Griechenland: Der Tragische, die Chefin und der Buhmann
Der Poker um Griechenland ist zu Ende, zumindest fürs Erste. Die Kanzlerin, der Vizekanzler und der Finanzminister haben dabei drei höchst unterschiedliche Strategien verfolgt.
Die große Pressekonferenz, mit der sie sich gerne in den Urlaub verabschiedet, hat sie verschoben. Am Freitag wird Angela Merkel im Bundestag gebraucht. Ehe die Verhandlungen über ein drittes Hilfspaket für Griechenland beginnen können, muss er der Regierung erst ein entsprechendes Mandat erteilen. Die Debatte darüber dürfte auch eine Debatte über die Rolle Deutschlands im Brüsseler Poker werden. Hier haben die wichtigsten Vertreter der Koalition zuletzt nicht immer am gleichen Strang gezogen.
Die Kanzlerin hat ihr Ziel erreicht. Sie wollte den Grexit vermeiden und Griechenland im Euro halten – um nahezu jeden Preis.
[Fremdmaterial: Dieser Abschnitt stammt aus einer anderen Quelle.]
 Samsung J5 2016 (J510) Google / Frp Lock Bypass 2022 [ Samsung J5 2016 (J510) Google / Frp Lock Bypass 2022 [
Vom Spiegel vor kurzem noch als „Trümmerfrau“ porträtiert, die Europa mit ihrer Unentschlossenheit ins Chaos stürzt, steht sie nun als die Architektin eines Kompromisses da, der eben jenem Europa die ultimative Nervenprobe erspart. Obwohl viele in der Union die Griechen lieber heute als morgen aus der Eurozone werfen würden, war das für die CDU-Vorsitzende nie eine ernsthafte Option. Die Vorteile der jetzt getroffenen Übereinkunft überwögen nun die Nachteile, sagt Angela Merkel, pragmatisch wie sie ist. Einen Schuldenschnitt vermieden, den griechischen Premier Tsipras ausgebremst, Europa zusammengehalten: Viel mehr geht nicht in einer Verhandlungsnacht.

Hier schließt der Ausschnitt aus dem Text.